==== DATASET RECORDS ====

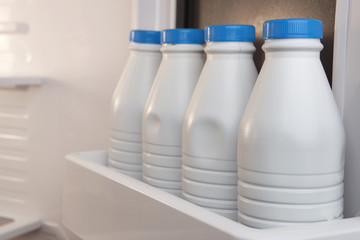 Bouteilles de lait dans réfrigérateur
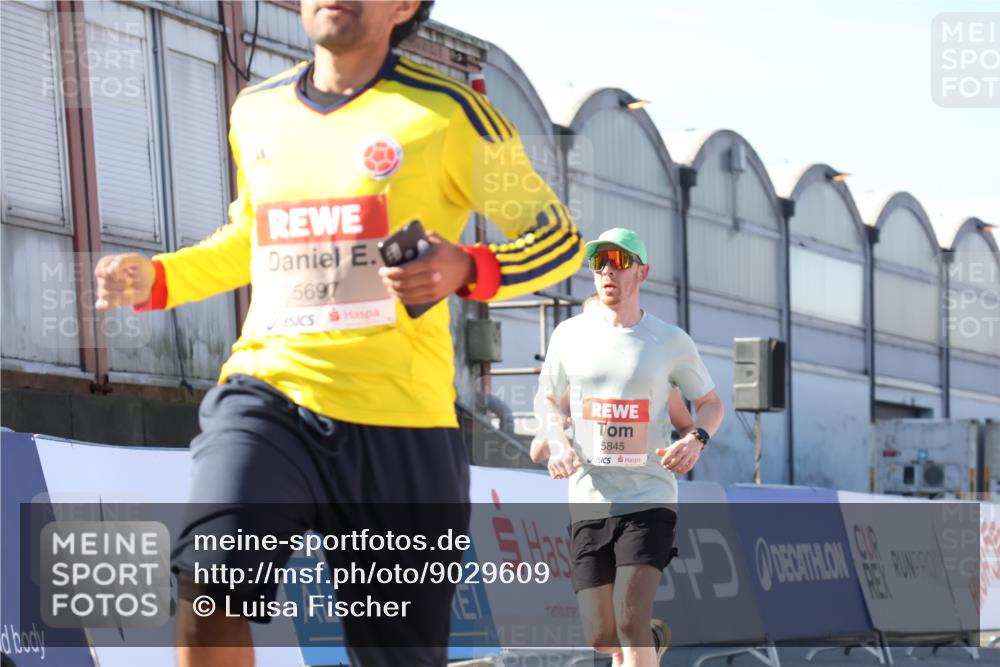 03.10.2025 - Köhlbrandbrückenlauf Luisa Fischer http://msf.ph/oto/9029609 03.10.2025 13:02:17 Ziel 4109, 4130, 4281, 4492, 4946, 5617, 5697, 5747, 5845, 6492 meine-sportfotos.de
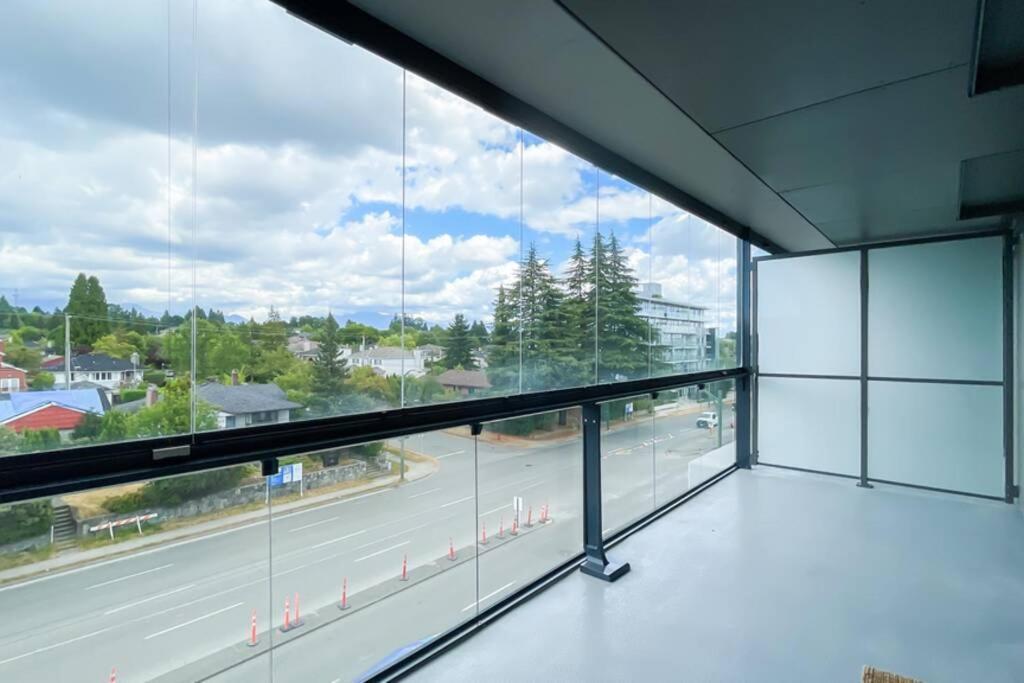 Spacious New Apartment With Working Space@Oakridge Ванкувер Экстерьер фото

====
==== DATASET RECORDS ====

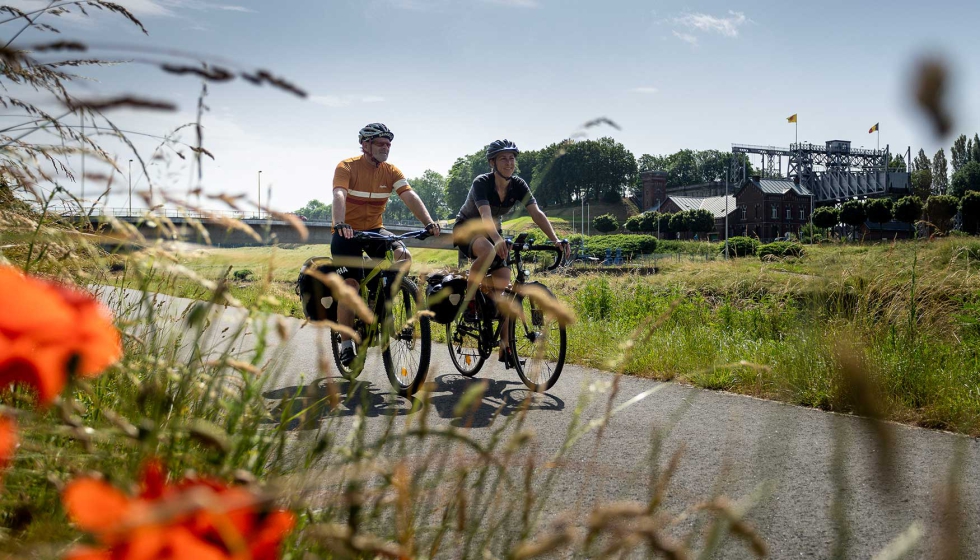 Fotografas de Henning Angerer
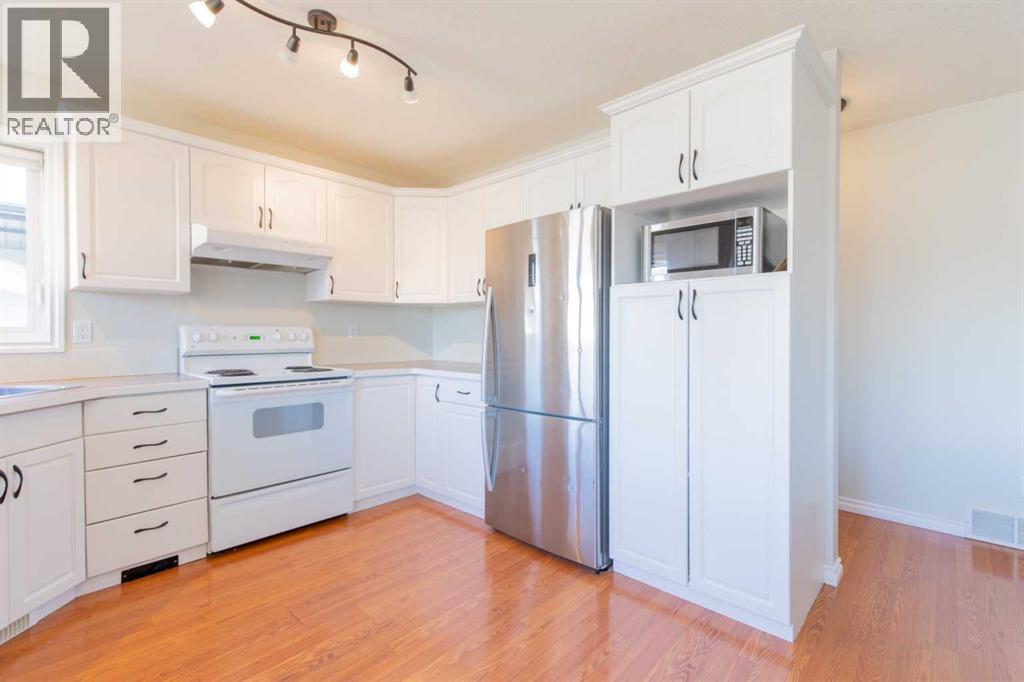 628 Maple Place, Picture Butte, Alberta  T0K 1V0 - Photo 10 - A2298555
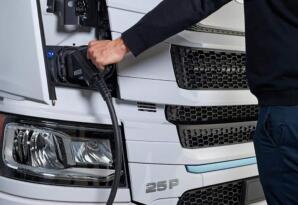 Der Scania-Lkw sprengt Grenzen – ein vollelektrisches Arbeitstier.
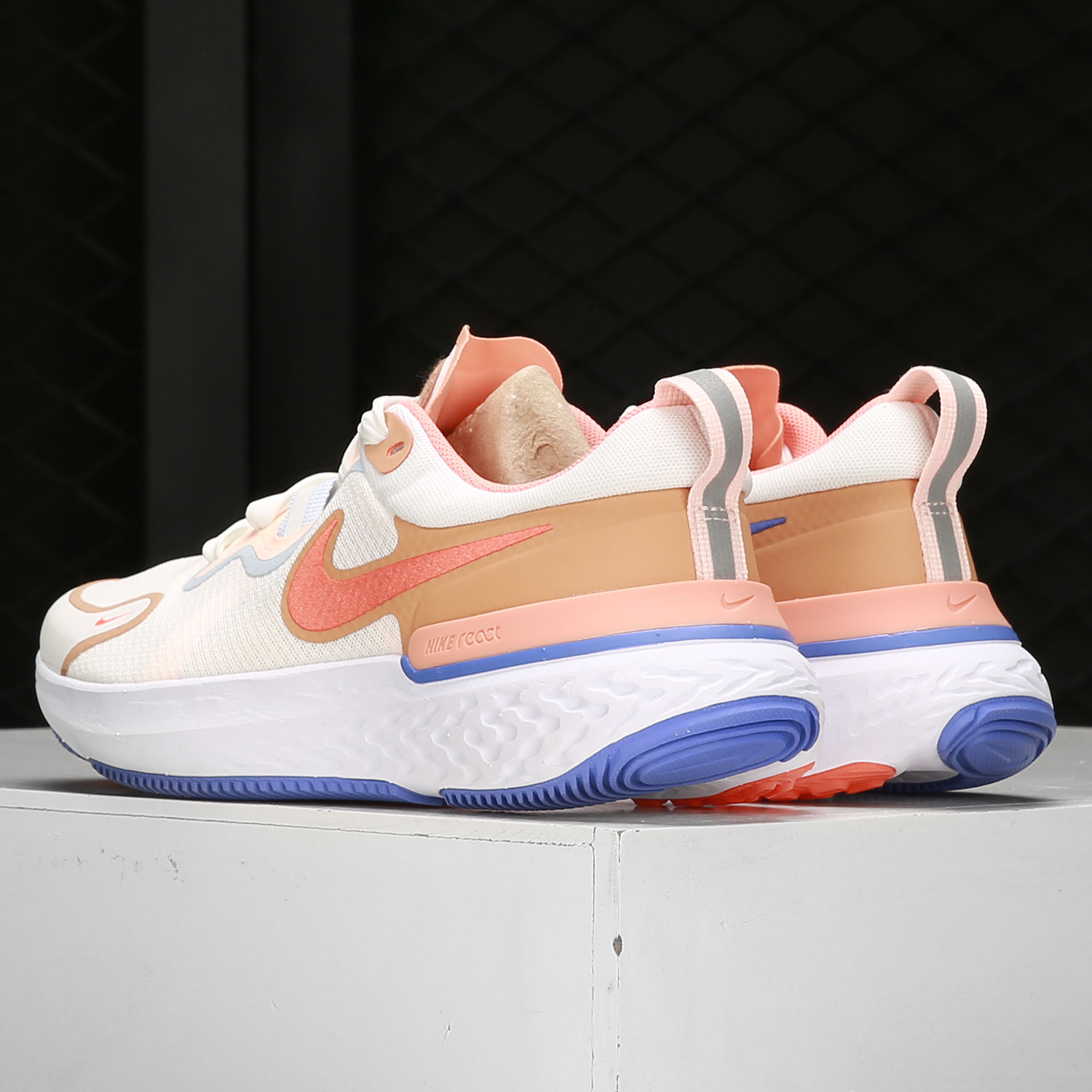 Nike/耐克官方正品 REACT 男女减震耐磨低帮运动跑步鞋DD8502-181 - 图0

====

[EXERCISE DETAILS] Extract from the material above the stretch running from the line containing "Bouteilles de lait dans réfrigérateur" through the line containing "Spacious New Apartment". Keep the text exact and the pictures out.

[TASK SOLUTION]
 Bouteilles de lait dans réfrigérateur
 03.10.2025 - Köhlbrandbrückenlauf Luisa Fischer http://msf.ph/oto/9029609 03.10.2025 13:02:17 Ziel 4109, 4130, 4281, 4492, 4946, 5617, 5697, 5747, 5845, 6492 meine-sportfotos.de
 Spacious New Apartment With Working Space@Oakridge Ванкувер Экстерьер фото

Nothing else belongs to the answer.